Renters look for the end of a promised renovation.
By ANNE LINDBERG
Published May 29, 2007
ST. PETERSBURG - Last summer, the owners of James Park Apartments moved Sylvia Bates to a new apartment while the property was being renovated.
"It wasn't a handicapped place, " Bates said recently. "They just threw something together to put me in."
Apartment managers promised that the unit would accommodate her wheelchair. Almost a year later, she's still waiting. The assistance bar in the bathroom is in the wrong place. Her kitchen faucet still sprays water across the counter. The lock on the back door is no good. Worst of all, there is no wheelchair ramp at her back door.
"If a fire breaks out in the front, I can't get out, " Bates said.
Bates is not the only one complaining about shoddy workmanship and code violations at James Park, at 1050 and 1051 Third Ave. N.
"Enough is enough for all these residents, " said David Molodecki, who recently moved to James Park with his family. "All I want is for them to do what's right for the people."
James Park was owned by Pinellas County until 2005, when it was sold to American Opportunity for Housing-James Park Limited Partnership. American Opportunity, based in San Antonio, Texas, agreed it would refurbish the property and provide affordable housing for low-income residents as part of the $3.8-million deal.
But Molodecki said the property has not been renovated. He cited a litany of complaints that included dangerous playground equipment, causing closure of the playground, and exposed electrical wiring.
He said he has complained to several officials but has received no satisfaction.
Frank Bowman of the Pinellas County Housing Finance Authority said it did not surprise him that code violations might exist.

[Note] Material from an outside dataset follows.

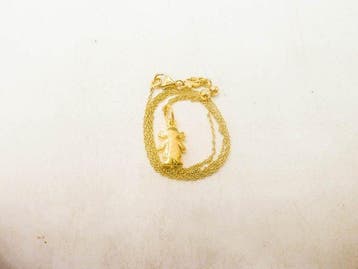 Tous - Ketting met hanger - 18 karaat Geel goud, Handtassen en Accessoires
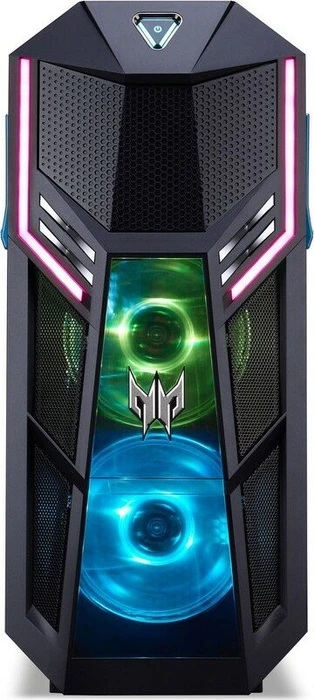 Acer Predator Orion 5000 PO5-605s, Core i9-9900K, 16GB RAM, 512GB SSD, 2TB HDD, GeForce RTX 2080 SUPER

The renovation is not complete, he said, and until it is, problems are likely to surface.
St. Petersburg officials say they have responded to residents' concerns. Since May 1, they have issued code citations for performing work without a permit, broken air conditioners, switch plates too small to cover electrical outlets, broken and cracked windows, dripping faucets and a pothole in the driveway.
Todd Yost, assistant director for codes compliance, said the lack of a second wheelchair ramp is not a code violation. The Department of Housing and Urban Development, whose rules are governing the renovation, requires a second ramp only for new construction or in a "substantial" rehabilitation. James Park is neither.
As for the citations, none can be classified as serious, he said. American Opportunity is solving the problems, Yost said.
David Starr, president of American Opportunity, did not return phone calls asking for comment. But he wrote the city a letter on May 23 saying that the rehab is in progress and is scheduled to be finished this year.
"Whenever a rehabilitation of this size and magnitude is undertaken ... without exception, there are some failures in the work product or some tenant dissatisfaction, " Starr wrote.
"It is our intention, and has always been our intention, to insure to the tenants and the community that we will deliver acceptable housing units and we will assist every tenant with their problems or concerns."
Starr said the James Park management company has been notified that it must make tenant satisfaction and property maintenance a "primary concern." He also pledged to replace the playground equipment within the next three weeks.